There's nothing in the show that is even remotely original.  Everything has been done in other TV shows and films with much more authority and coherence.  For instance, the opening scene involving a Inupiaq hunter, a sort of Nanook of the North, shooting at caribou as the sun is about to set for the next month of darkness, is derived from initial sequences in John Carpenter's The Thing; the "corpsicle" is also an artifact cribbed from that film.  Every lame cliche imaginable about Arctic tribal people is dusted off and trotted out.  About every second episode someone (or some several) have to go into a haunted house.  Of course, the explorers of the haunted house can't turn on the lights and the Arctic winds are howling outside and tour heroines always separate so that they can each encounter the monsters lurking in the place each alone.  Haunted houses in the show include a haunted sea-dredge, a haunted ice cave, several eerie and abandoned shacks, and, of course, the haunted research station itself which looks like the setting of The Thing, a series of corridors and laboratories that is always dark, chilly, and full of hidden menace.  The show even shamelessly steals the "flattened time loop" theory from True Detective's first series, a digression, if I recall correctly, based on Nietzsche's idea of the eternal re-occurrence of the same, although dumbed-down for nitwits. Major revelations to Evangeline occur on the smoky desert battlefields of Iraq (or Afghanistan) where the poor woman consorts with gruesomely mutilated revenants.   

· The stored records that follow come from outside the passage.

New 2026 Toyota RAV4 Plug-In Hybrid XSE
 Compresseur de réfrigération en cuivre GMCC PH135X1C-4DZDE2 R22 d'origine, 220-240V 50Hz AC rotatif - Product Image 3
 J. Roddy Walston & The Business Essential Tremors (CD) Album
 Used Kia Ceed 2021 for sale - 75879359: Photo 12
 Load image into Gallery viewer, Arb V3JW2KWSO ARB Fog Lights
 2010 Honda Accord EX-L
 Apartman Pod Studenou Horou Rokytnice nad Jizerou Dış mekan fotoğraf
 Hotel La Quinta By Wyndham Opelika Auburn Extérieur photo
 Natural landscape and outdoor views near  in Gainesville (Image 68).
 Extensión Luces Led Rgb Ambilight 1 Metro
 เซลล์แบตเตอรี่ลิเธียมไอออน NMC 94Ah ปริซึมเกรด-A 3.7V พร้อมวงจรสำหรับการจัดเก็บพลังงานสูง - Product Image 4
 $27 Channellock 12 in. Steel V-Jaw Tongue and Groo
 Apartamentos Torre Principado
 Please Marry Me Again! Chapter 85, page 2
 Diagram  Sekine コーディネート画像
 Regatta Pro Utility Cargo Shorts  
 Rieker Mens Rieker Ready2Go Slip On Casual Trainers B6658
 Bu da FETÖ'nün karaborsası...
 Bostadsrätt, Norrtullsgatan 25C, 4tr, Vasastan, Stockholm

Night Country is a misfire.  It's surprising to see a post-George Floyd show featuring cops who torture people, murder them at will, and, then, lie under oath about mass murder -- all of this misconduct is supposed to be justified because the officers are portrayed as righteous, mostly, it seems, because of their exorbitant suffering and mental illness.  (I don't think these sorts of defenses would have availed Derek Chauvin.)  It's as if Dirty Harry were to justify his depredations by some hard knocks in his child hood. The program is vastly more incoherent and confusing than this review suggests and it would take pages to list the various plot developments that make no sense at all.  Faulkner, who was one of the writers on The Big Sleep, admitted that he had no idea who had committed one of the murders important to the plot of that film noir classic.  So, certainly, it's possible to make a sprightly and amusing crime show with so many twists and turns that the story can't really be reliably deciphered.  But The Big Sleep features Humphrey Bogart and Lauren Bacall supported by a number of fine character actors in eccentric roles and, ultimately, the movie is witty, has some good hard-boiled lines, and doesn't wallow in misery.  By contrast, the equally incomprehensible Night Country goes on for six hours with dialogue consisting primarily of ominous, if meaningless, portents -- "we're all going to enter the night country now!" someone declare as if this makes sense.  The supporting characters in the show, for instance, the doughty pioneer woman Rose, play parts that are either completely gratuitous or rife with implications that the narrative never takes the time to explain:  why is Rose also haunted by a barefoot ghost?  who is he?  why is she expert at disposing of corpses in the icy sea water? why is she shown to be cleaning a long gun in the last episode, a weapon that is ostentatiously portrayed but never used.  Jodie Foster acts her heart out, in some shots displaying four or five emotions in quick succession or, even, simultaneously, but the part is derivative and poorly written.  Kali Reis is monotonously grim and violent; she just scowls at everyone.  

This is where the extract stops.